Making the most of milk lag times

Optimising lag times between preparing cows’ teat and attaching the cluster offers many producers an opportunity to reduce milking times.

A 60-90 second lag time is ideal, Ian Ohnstad, milking technology specialist for the Dairy Group, explained to a Dairy Circle audience.

This will ensure the cow is ready to let down milk, which requires the hormone oxytocin to stimulate milk flow, when the cluster is attached.

“Many people think a cow leaking milk is stimulated and ready to milk out, but the oxytocin response hasn’t happened.

This is only the milk in her alveoli and when you put the cluster on eight out of 10 cows will stop milking for 40-50 seconds before a proper milk flow is re-established.”

When a cow is stimulated properly she will milk out quickly, said Mr Ohnstad.

Often milkers prepare the teats of a row of cows walking one way down the parlour and then attach the clusters on their way back.

“This means the lag time is from 15 seconds to many minutes.

But preparing five or six cows, then going back and attaching the clusters will lift average flow rates and the cows will milk out faster.

“Once this is achieved you can look at the automatic cluster removal settings and take the clusters off earlier.

This can save minutes milking each cow.”

Other factors that slow down milking include feeding cows in the parlour, he said.
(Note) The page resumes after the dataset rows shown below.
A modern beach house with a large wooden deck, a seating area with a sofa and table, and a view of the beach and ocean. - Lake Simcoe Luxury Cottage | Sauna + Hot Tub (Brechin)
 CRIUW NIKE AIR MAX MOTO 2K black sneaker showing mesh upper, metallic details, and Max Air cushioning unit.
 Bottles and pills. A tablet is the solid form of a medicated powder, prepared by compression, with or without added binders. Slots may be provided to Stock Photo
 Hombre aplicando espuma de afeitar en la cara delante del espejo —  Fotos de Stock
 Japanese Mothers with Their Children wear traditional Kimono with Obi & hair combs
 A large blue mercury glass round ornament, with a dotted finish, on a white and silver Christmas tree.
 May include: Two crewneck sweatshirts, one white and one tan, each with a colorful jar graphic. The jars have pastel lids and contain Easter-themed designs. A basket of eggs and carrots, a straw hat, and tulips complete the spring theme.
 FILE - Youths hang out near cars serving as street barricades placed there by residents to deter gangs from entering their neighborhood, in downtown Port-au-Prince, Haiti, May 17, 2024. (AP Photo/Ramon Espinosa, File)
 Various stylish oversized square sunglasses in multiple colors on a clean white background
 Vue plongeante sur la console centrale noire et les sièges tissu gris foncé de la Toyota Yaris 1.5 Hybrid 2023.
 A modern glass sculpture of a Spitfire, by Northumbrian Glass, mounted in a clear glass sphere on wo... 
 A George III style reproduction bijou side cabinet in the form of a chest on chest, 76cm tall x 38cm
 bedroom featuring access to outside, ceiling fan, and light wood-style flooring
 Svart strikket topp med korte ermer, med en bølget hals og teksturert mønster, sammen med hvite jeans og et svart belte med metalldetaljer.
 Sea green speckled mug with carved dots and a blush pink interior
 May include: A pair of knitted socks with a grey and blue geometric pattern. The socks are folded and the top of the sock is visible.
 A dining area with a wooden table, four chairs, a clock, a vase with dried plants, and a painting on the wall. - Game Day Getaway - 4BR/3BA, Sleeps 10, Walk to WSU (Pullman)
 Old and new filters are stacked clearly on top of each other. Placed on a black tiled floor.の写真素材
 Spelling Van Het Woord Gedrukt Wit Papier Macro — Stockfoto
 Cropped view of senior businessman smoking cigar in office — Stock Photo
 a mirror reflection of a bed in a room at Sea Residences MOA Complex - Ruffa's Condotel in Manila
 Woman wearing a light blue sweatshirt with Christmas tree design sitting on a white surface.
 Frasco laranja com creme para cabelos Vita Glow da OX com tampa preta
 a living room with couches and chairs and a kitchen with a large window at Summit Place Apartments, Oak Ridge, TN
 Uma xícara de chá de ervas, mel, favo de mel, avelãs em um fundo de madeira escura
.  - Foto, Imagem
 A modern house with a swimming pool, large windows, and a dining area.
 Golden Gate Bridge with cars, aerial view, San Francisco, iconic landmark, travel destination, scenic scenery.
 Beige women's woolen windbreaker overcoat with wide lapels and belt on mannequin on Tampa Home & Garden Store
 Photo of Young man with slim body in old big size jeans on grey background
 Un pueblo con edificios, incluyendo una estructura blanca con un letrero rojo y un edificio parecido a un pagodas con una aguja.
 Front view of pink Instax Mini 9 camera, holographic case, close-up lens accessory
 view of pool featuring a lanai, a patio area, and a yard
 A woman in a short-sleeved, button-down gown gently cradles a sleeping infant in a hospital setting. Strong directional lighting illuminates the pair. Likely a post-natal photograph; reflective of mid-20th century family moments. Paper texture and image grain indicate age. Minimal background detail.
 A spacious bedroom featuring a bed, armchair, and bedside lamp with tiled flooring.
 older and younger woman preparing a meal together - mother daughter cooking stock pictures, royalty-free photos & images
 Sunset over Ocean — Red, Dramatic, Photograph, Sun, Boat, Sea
“Where cows are fed in parlour they are slower to come in and slower to go out, plus they tend to be more disruptive during milking.”

He thinks bigger advantages in cow flow will come from automation, including a backing gate – which alone can save many seconds a cow.

Where cows are fed or recorded in the parlour, he reckons automated identification will also save time and this can allow automated shedding at the parlour exit.

Teat preparation was also an area worth looking at to reduce milking times.

But he warned this must not compromise milk quality.

“However, when you are spending 6-8 seconds a cow every day on preparation it means cows are coming into the parlour too dirty, so look at addressing this outside the parlour.”